Beberapa tahun lalu, tempat pembuangan lama sudah direnovasi mahal-mahal.

Sekarang, dengan visi “net zero carbon”, harapannya mesin ini bukan cuma mengurangi sampah, tapi juga mengurangi drama anggaran.

Dari segi tenaga kerja, sebagian posisi bisa diisi warga lokal, tapi tidak semuanya.

Katanya teknologinya terlalu canggih. Untungnya, ada janji “transfer ilmu”.

Jadi, mudah-mudahan, 30 tahun ke depan warga setempat bisa mengoperasikan mesin ini, bukan cuma jadi penonton sambil jualan gorengan di depan gerbang.

Bak Dipulangkan ke Orang Tua

Dari sisi cuan, pemerintah akan dapat sewa lahan tiap 10 tahun, dan setelah lima tahun, punya 5 persen saham.

Setelah 30 tahun, mesin beserta semua isinya akan jadi milik pemerintah.

Ibaratnya, kita minjemin kos-kosan ke orang, lalu setelah tiga dekade dikembalikan lengkap dengan kulkas, TV, dan dispenser.

Semua terdengar indah.
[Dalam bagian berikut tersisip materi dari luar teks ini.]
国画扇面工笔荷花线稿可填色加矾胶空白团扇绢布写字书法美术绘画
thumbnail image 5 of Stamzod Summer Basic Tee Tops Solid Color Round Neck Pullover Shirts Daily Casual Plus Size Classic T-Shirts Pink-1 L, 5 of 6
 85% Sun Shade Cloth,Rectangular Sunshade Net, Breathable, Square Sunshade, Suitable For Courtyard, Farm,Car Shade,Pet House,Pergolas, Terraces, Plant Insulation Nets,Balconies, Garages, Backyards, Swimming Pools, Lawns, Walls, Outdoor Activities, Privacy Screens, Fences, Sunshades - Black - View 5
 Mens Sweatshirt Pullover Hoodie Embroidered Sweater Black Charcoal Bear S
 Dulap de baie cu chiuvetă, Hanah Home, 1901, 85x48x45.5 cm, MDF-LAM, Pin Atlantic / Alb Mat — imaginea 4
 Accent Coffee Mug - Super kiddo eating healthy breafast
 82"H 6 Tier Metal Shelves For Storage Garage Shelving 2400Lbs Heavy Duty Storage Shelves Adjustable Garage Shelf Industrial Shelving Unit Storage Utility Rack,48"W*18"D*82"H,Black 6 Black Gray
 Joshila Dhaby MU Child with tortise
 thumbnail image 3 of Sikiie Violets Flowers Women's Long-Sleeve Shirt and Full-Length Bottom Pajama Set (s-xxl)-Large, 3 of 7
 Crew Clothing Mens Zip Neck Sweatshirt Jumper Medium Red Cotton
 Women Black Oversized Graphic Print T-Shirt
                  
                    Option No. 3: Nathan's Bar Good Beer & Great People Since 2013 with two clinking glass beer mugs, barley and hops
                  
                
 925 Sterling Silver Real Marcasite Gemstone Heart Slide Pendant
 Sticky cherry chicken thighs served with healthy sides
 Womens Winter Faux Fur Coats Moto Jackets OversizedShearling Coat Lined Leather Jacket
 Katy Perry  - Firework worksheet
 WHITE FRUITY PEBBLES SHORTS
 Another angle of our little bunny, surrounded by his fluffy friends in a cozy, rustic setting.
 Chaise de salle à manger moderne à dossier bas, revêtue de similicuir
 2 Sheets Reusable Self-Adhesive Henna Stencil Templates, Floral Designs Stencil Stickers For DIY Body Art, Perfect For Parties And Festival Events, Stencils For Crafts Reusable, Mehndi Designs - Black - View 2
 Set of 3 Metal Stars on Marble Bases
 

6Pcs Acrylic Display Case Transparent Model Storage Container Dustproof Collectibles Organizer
Tapi, rakyat sudah kenyang cerita “proyek impian” yang ujung-ujungnya lebih banyak memakan dana daripada memakan sampah.

Jangan sampai mesin ini hanya jadi monumen megah yang dinyalakan pas peresmian, lalu mati pelan-pelan karena “kendala teknis”.

Kalau berhasil, ini bisa jadi bukti bahwa sampah punya masa depan lebih cerah daripada banyak rencana pembangunan lain.

Tapi kalau gagal, ya, kita akan punya 10 hektare lahan baru untuk menimbun harapan—dan mungkin, buat lokasi selfie bertema “sampah modern”. (Lia)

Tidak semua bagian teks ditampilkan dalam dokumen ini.